Pic: Patrick Maguire
Red Cell: Patrick Maguire from Proof magazine, issue 4

Last Monday, Diane Abbott wrote a misguided letter to the Guardian, distinguishing between the ‘prejudice’ some groups face and the ‘racism’ experienced by others. Her attempt to establish some hierarchy of racism was ignorant and facile. She managed to dismiss both the insidious, invidious racism experienced by some groups and the patent, brutal nature of racism experienced by other groups. (To say nothing of the fact that many groups subject to racist abuse experience both.)

The consequences were swift, and rightly so. Starmer suspended the whip from Abbott, pending an investigation, leaving her sitting on the backbenches with the six other former members of her party. Attempts by members of the left to silo forms of racism and prejudice into distinct categories as though they should be eliminated by order of priority on the path to racial justice are absurd and bigoted. Overcoming racism is not a game of sequential whack-a-mole. Racism experienced by black people is not on some level ‘worse’ or less justifiable than that experienced by groups like Jews or Travellers. All that Abbott and those who support a philosophy that hierarchises oppression succeed in doing is being guilty of the prejudice they ineptly condemn.

But whatever racism blights the Labour Party pales in comparison to what is happening in the actual government. While Labour are infighting about which racism is worse, Conservative ministers are crafting and delivering the successor to Enoch Powell’s “Rivers of Blood” speech to barely a raised eyebrow. On Wednesday, Robert Jenrick, the Minister of State for Immigration, delivered a speech on how the “nation has a right to preserve itself”, and how “uncontrolled migration” has “damaging effects on social trust and cohesion”. The speech was rife with inflammatory rhetoric on how migration “cannibalise[s] the compassion of the British public”, and how those crossing have “completely different lifestyles and values” to those in the UK.

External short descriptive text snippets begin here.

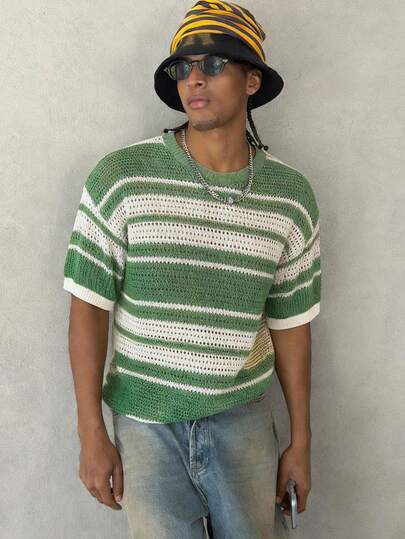 STEELVANCE Men's Hollow Out Semi-Sheer Striped Knit Short Sleeve Polo Shirt, Comfortable Breathable Lightweight Knit Top For Casual Wear, Suitable For Vacation And Valentine's Day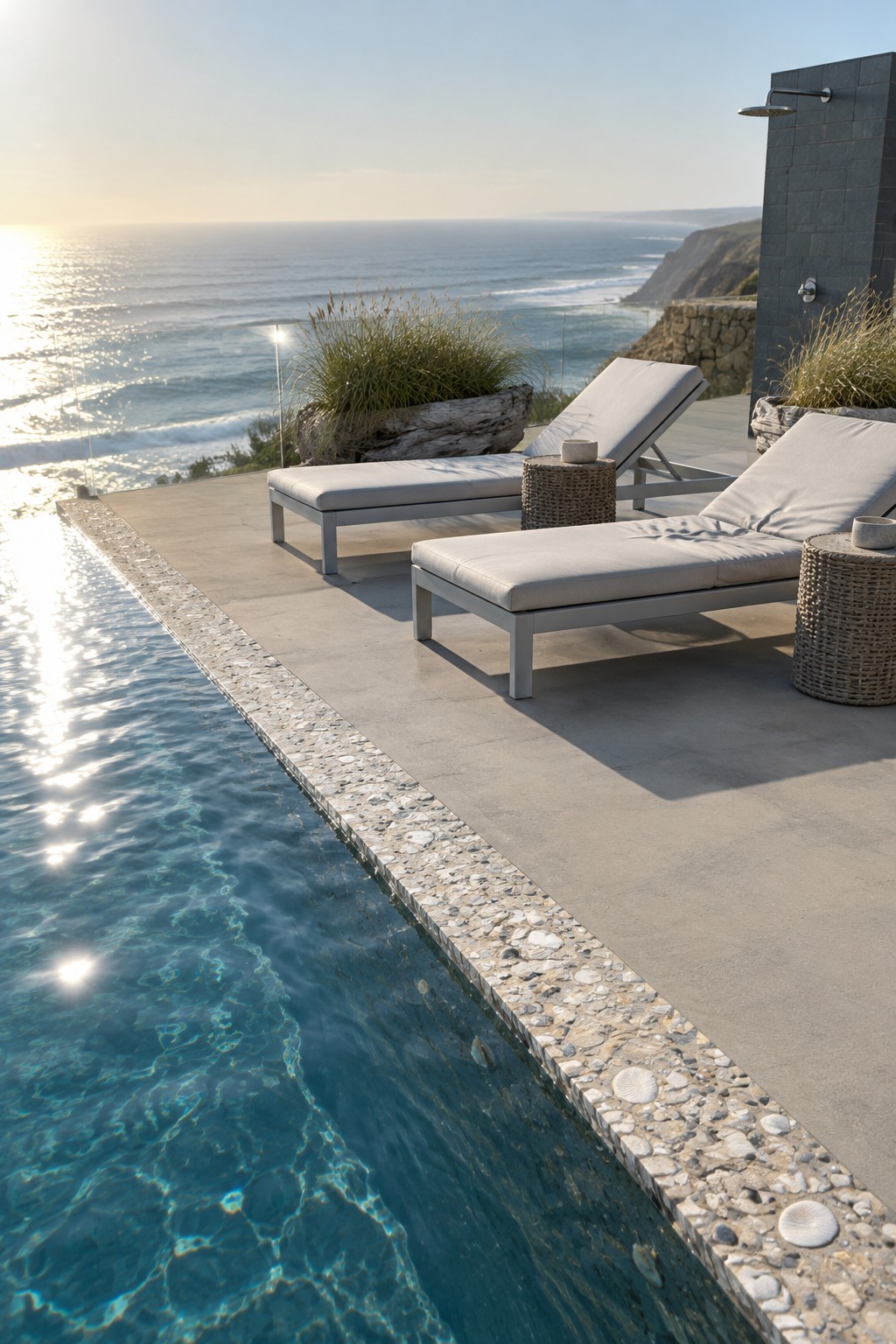 18 Distinctive Infinity Pool Edge Details Featuring Refined Coping Designs An infinity pool with pebble stone coping along the edge, two lounge chairs on a concrete deck, and an ocean view beyond.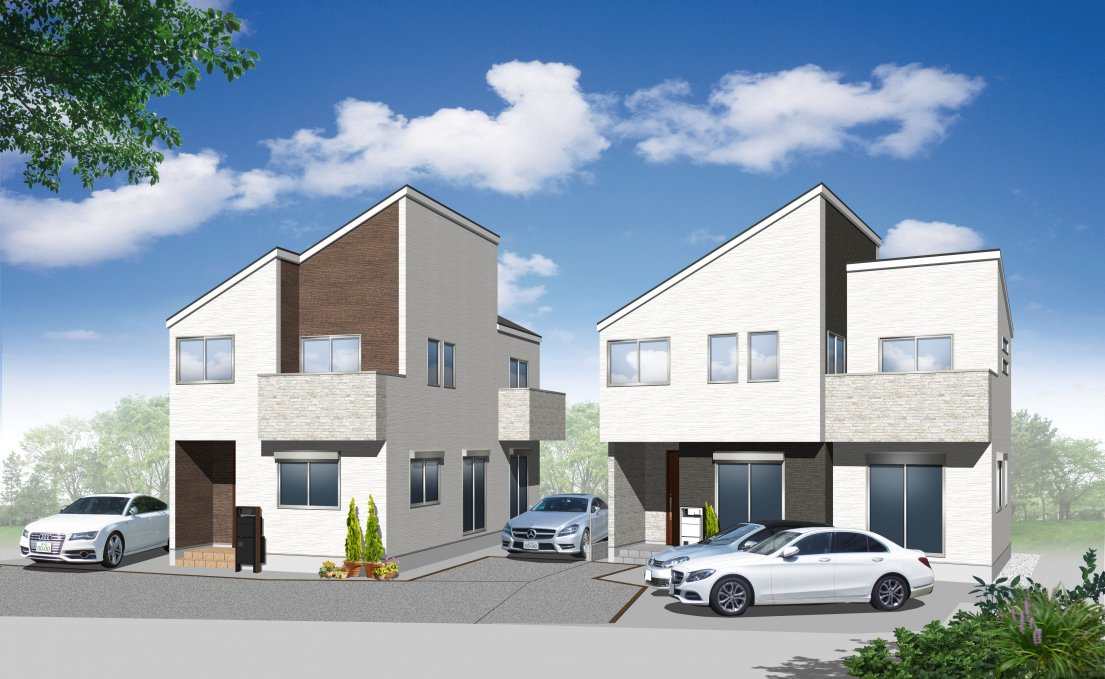 上星川駅から平坦徒歩８分！LDK１８帖の４LDK♪カースペース２台。保土ヶ谷区上星川２丁目　全２棟新築戸建ての外観パース|完成予想図です。完成は2020年12月を予定しております。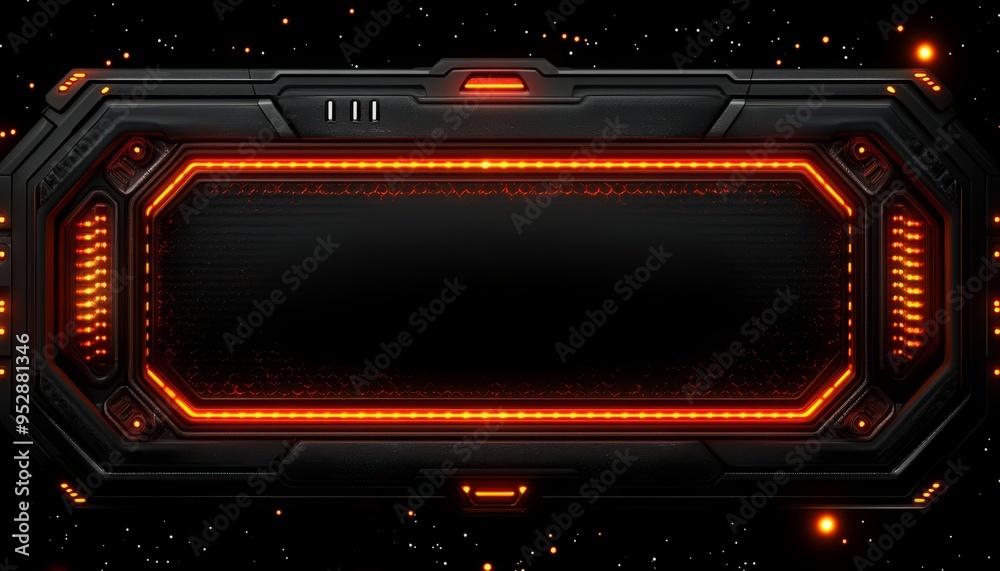 Futuristic Interface with Glowing Orange Lights on a Dark Background Futuristic Interface with Glowing Orange Lights on a Dark Background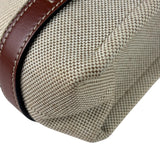Chloe Beige/Brown Leather Trim Small Woody Two-Way Tote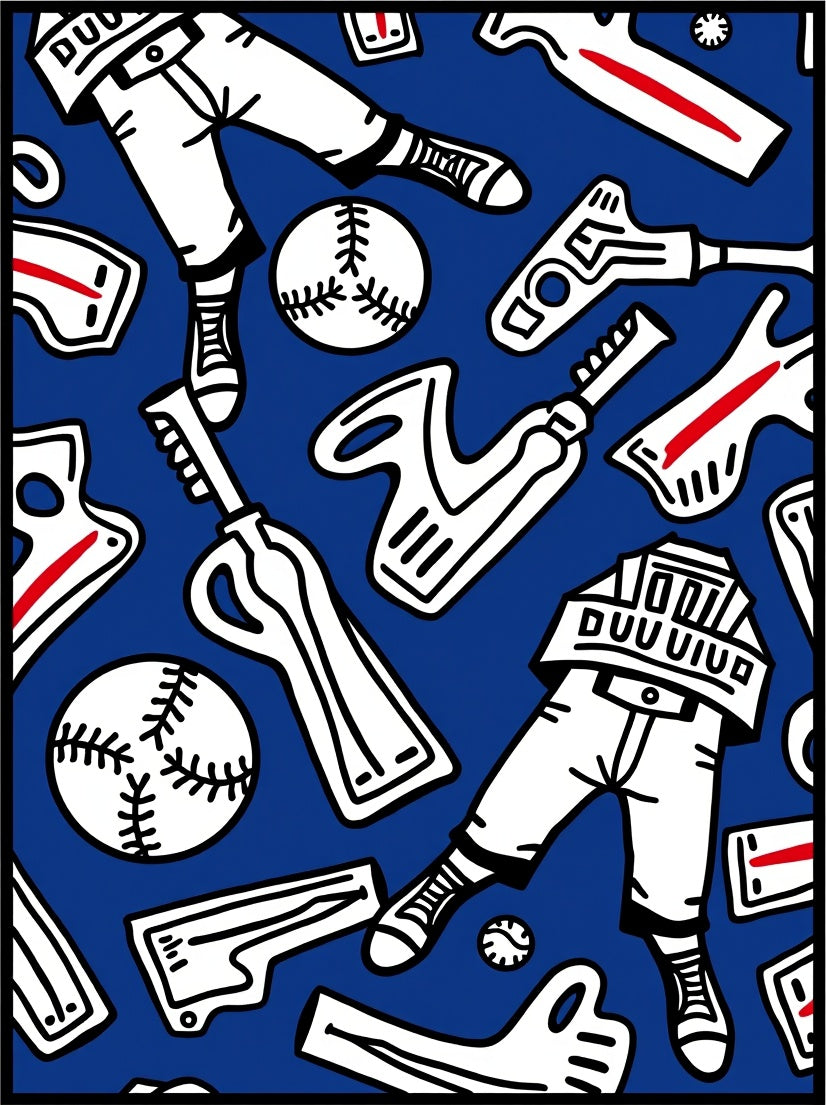 Bold Blue Baseball Bat Glove Rug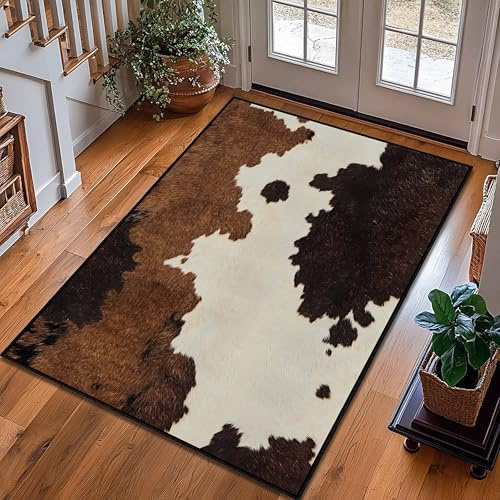 Ykncxzy Faux Fur Cowhide Rug - 160x200cm Brown Rugs for Living Room, Country Animal Skin Cow Hide Rugs, Wild Animal Non Slip Machine Washable Carpet for Bedroom, Retro Home Decor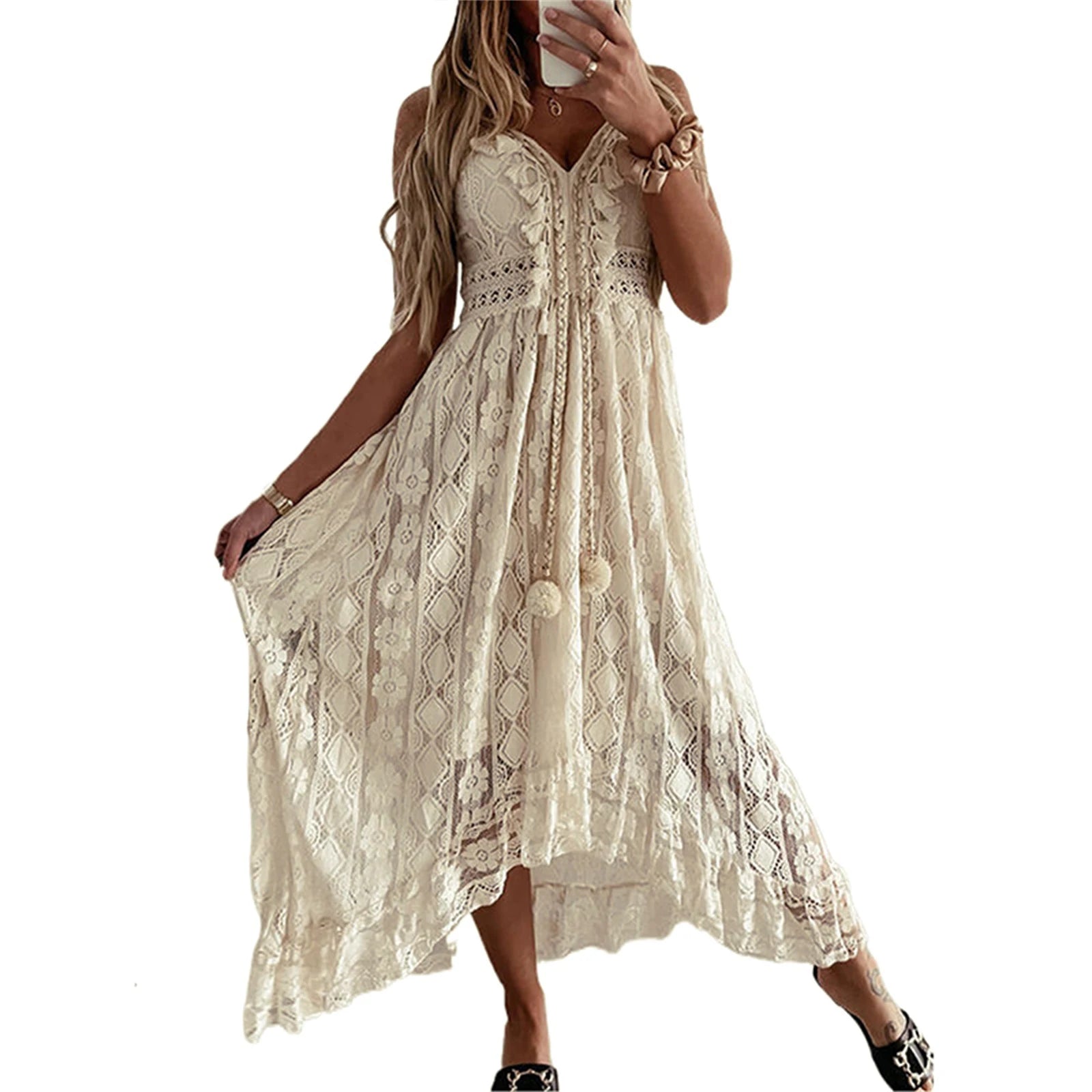 Women's Summer Beach White Boho Maxi Dress
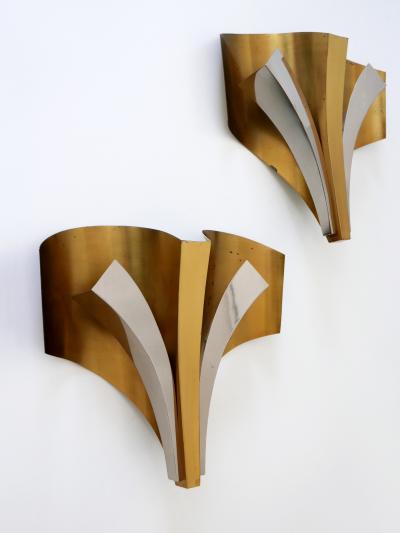  Maison Bagu s Set of Two Large Mid Century Modern Brass Sconces by Maison Bagu s Paris 1960s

Much of Jenrick’s language is almost indistinguishable from that used by Powell half a century ago. Powell spoke about a woman who was ‘awakened at seven am by two Negroes who wanted to use her phone’, while Jenrick spoke of ‘illegal migrants who have made clandestine landings…knocking on [residents’] doors.’ These are immigrants who, according to Jenrick, cannot be ‘provide[d] for or integrate[d] successfully into our national community.’ Their values are simply incompatible. Powell thought much the same. He claimed that the growing Sikh community in Britain would “lead to a dangerous fragmentation within society”, and that the “immigrant communities” would try to “overawe and dominate” native citizens.

Jenrick may only be a junior minister in the Home Office, but he and his senior minister, Suella Braverman, speak with one voice. Asked during an interview round about Jenrick’s speech, the Home Secretary said that illegal immigrants have “values which are at odds with our country”, and that there is “heightened criminality” among groups crossing the Channel. She tautologically went on to clarify her comments on criminality, saying that crossing the Channel unlawfully was, ipso facto, evidence of a criminal disposition.

Even if you discount such sheer stupidity, the Home Secretary is still unable to explain how genuine asylum seekers are supposed to seek asylum here. In an interview given after Jenrick’s speech, she said that there was “no good reason” for Sudanese refugees to cross the Channel in small boats, and that they should contact the UNHCR as the “right mechanism” for seeking asylum. She hadn’t bothered to tell the UNHCR. Her statement forced the UNHCR to clarify there was no way to claim asylum in the UK from its outposts in Sudan. Indeed, they seemed to have a better grasp of the reality of the UK’s asylum policy, going on to note in their statement that the “overwhelming majority” of refugees have no safe and legal route to the UK.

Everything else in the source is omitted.